== Segment start ==
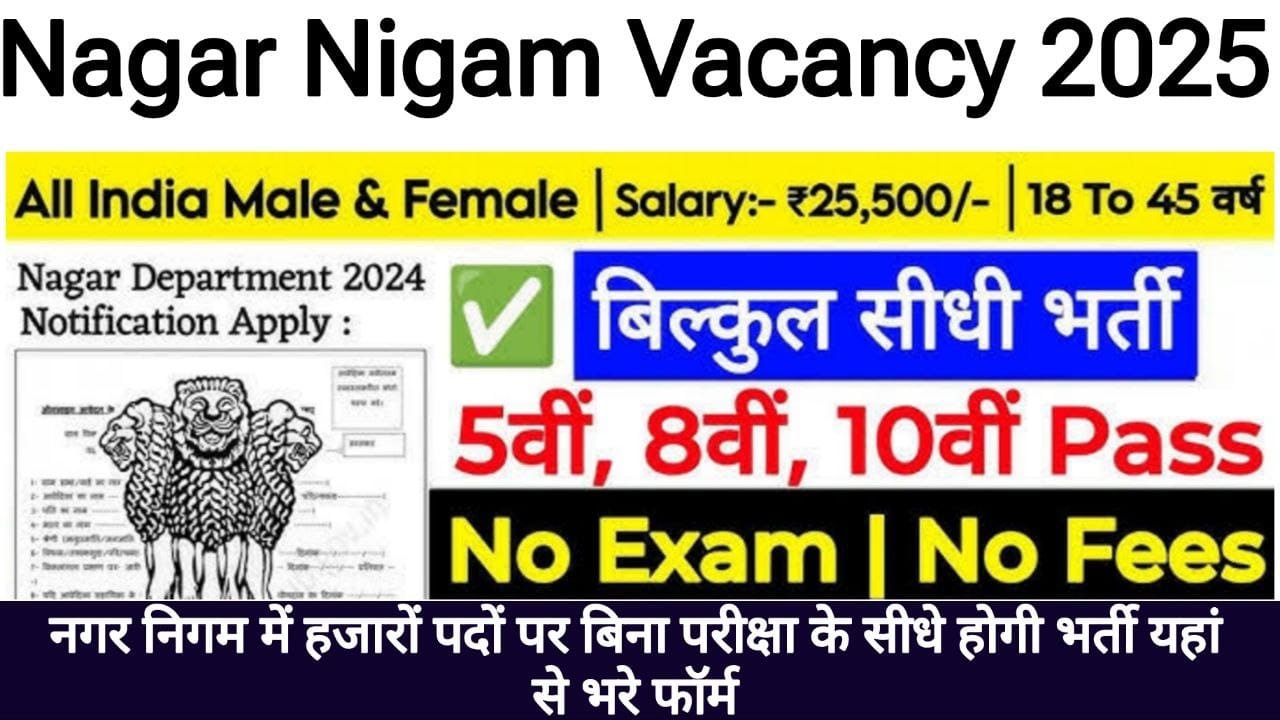 Nagar Nigam Vacancy 2025 Apply Online
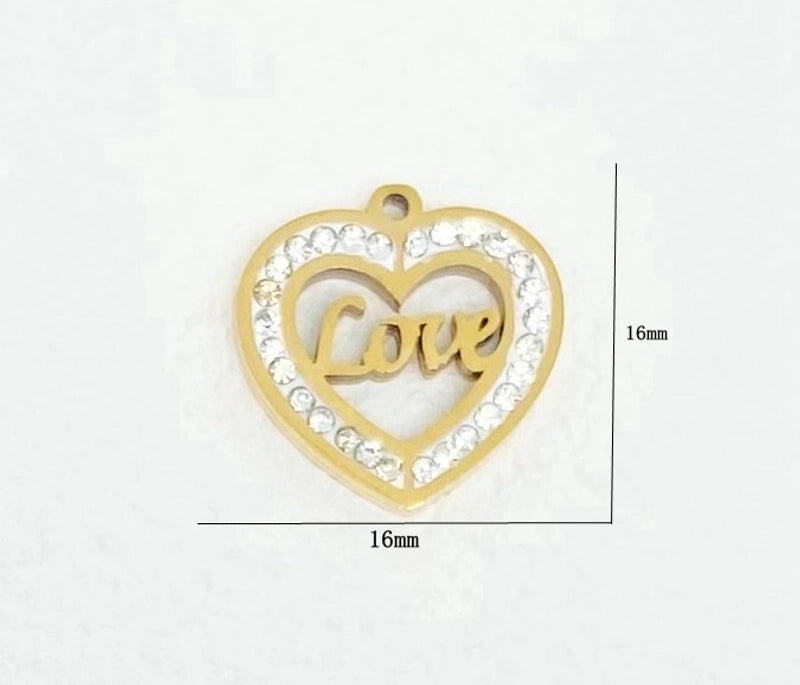 1 Piece 304 Stainless Steel Solid Color Jewelry Accessories Pendant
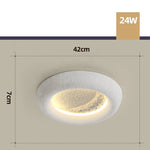 lampe led moderne blanche texturée aspect pierre minimaliste chambre salon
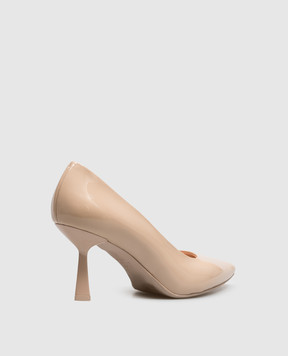 AGL Beige patent leather Alla shoes ALLA PUMP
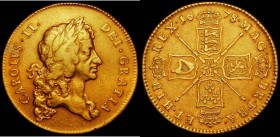 Five Guineas 1678 8 over 7 First Bust, S.3328A Fine or better/Good Fine with touches of red and magenta toning in the legends, a pleasing and even exa...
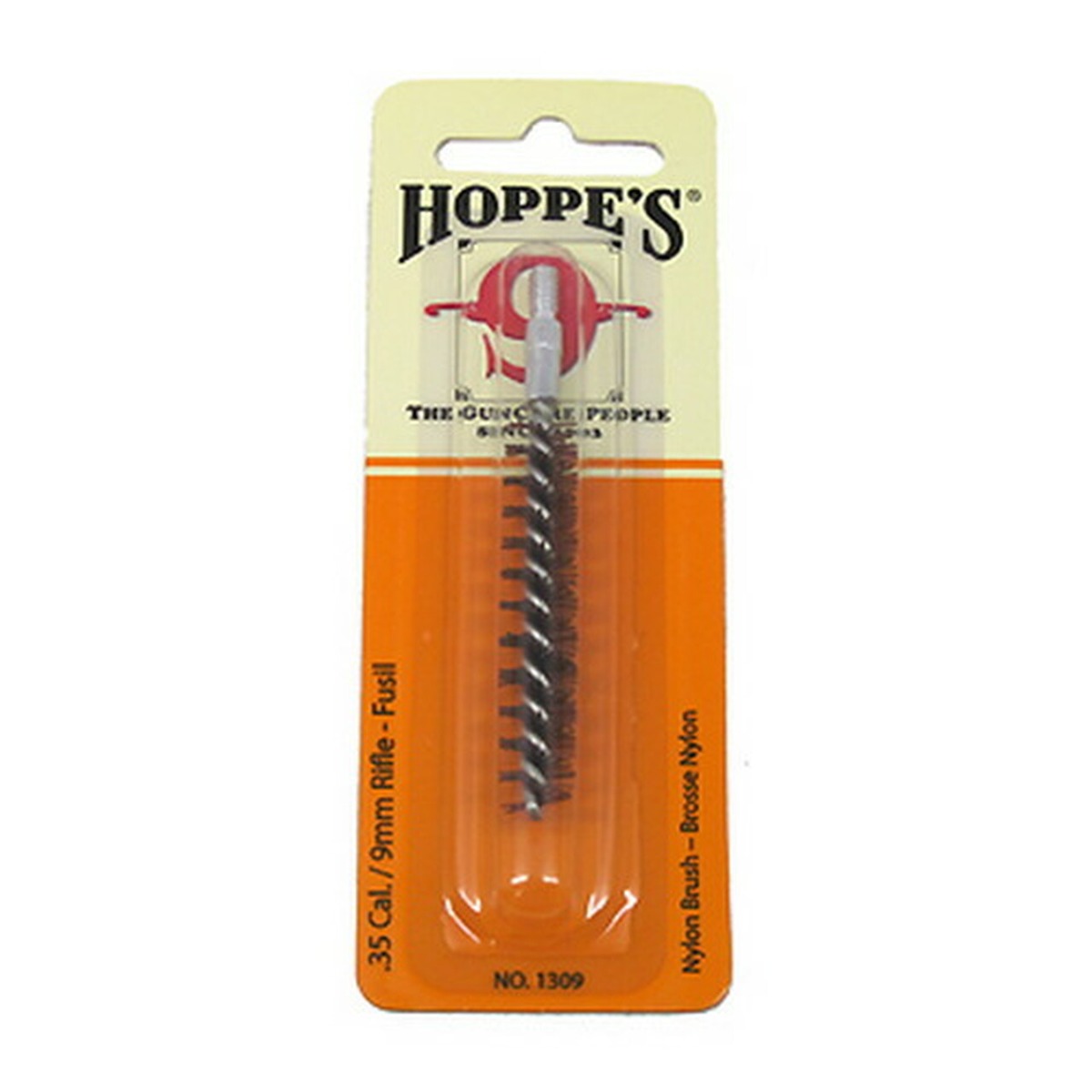 Hoppe's Phosphor Bronze Bristle Brush for 9mm Single Pistol - 1309PSNGL - Hoppe's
== Segment end ==
WORK ITEM:
Retype, without any picture, exactly the lines from the one with "AGL Beige patent" through the end of the entries, inclusive.

OUTPUT FOR THIS TASK:
 AGL Beige patent leather Alla shoes ALLA PUMP
 Five Guineas 1678 8 over 7 First Bust, S.3328A Fine or better/Good Fine with touches of red and magenta toning in the legends, a pleasing and even exa...
 Hoppe's Phosphor Bronze Bristle Brush for 9mm Single Pistol - 1309PSNGL - Hoppe's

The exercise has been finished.